In summary, the conversation discusses the classification of partial differential equations (PDEs) with regards to the presence of a time variable. It is noted that if a PDE contains only one independent variable, it is classified as elliptic, while if it contains two independent variables, it is classified as parabolic. The discussion also touches on the complexity of PDEs and the significance of PDE theory, which has led to the awarding of Fields Medals.
Is it the case that if you have a t depdence, and one of x or y then replace one of x or y with t and use the master 2 variable 2nd order PDE form. However if you had x, y and t in a PDE than that is a 3 variable PDE and would be different. Why do they only consider PDEs with only 2 variables? Are there classifications for 3 or more variables? Or is it the case that if you want to extend the 2 variables case to more you could use vector calculus and replace the x by (x,y,z) and have the t there so 4 variables.

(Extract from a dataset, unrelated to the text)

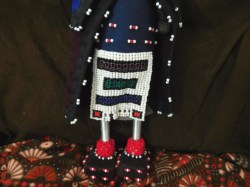 ndebele 13 apron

Surely you understand that the classification of P.D.E.s does not depend on what you happen to CALL a variable. If one of the independent variables occurs in a first but not second derivative (and there is at least one other independent variable with a second derivative) that is a parabolic equation.
In particular, the "diffusion" or "heat" equation
[tex]\frac{\partial^2 u}{\partial x^2}= \kappa \frac{\partial u}{\partial t}[/tex] is parabolic.
I'm new to PDEs and I think they are exponentially harder than ODEs. There is so much behind an innocent looking PDE like the over you describe above. Is that why there have been fields medals awarded for people who have produced results in PDE theory.